Meagre pensions

In 1661, memories of the Civil War were fresh, and the use of troops to enforce unpopular policies had been greatly resented. While the Royal Navy was regarded as crucial for the protection of British trade - and even this did not save it from peacetime reductions - the army was tolerated only when there was a war in which British interests were clearly involved.
'... the army that had helped beat Napoleon was reduced following allied victory at Waterloo in 1815.'
It was sharply reduced when the war was over, with its soldiers discharged, sometimes reduced to begging for a living or living on a meagre pension. Even the officers were sent home on a half-pay that was often pitifully inadequate. Sergeant Thomas Jackson of the Coldstream Guards was invalided out of the army after losing a leg at Bergen-op-Zoom in Holland in 1814. He appeared before the commissioners of the Royal Hospital at Chelsea, who:
'... eyed me up and down and seemed to consult for a moment, and then one of them said. "Oh, he is a young man, able to get his living". No questions asked of me, but at sight I was knocked off with the pitiful reward of a shilling a day - a mighty poor recompense, I thought, for having spent twelve years of the prime of my manhood in the service of my country ...

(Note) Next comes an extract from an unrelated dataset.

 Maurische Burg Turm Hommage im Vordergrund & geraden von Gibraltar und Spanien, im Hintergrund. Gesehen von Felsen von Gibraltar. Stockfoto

'Having then no more use for my scarlet coat, I set my wife to cut off the lace [round the button holes], and that, together with the chain and tassels which ornamented my cap, she sold for thirty shillings. I then bought myself a suit of plain clothes to hobble my way home with into a new sphere of life among new beings, and, as it were, into a new world again.'
The Rambling Soldier, Roy Palmer (Sutton, 1985)
This pattern marked the 18th century, with its wars against France, described by Sergeant Roger Lamb of the 23rd Foot, who served in the American War of Independence, as ‘for many ages the professed and natural enemy of Britain’. It continued into the 19th, when the army that had helped beat Napoleon was reduced following allied victory at Waterloo in 1815.
Much the same thing occurred in the 20th century, with a small peacetime army expanded to meet the demands of two world wars and reduced in their aftermath.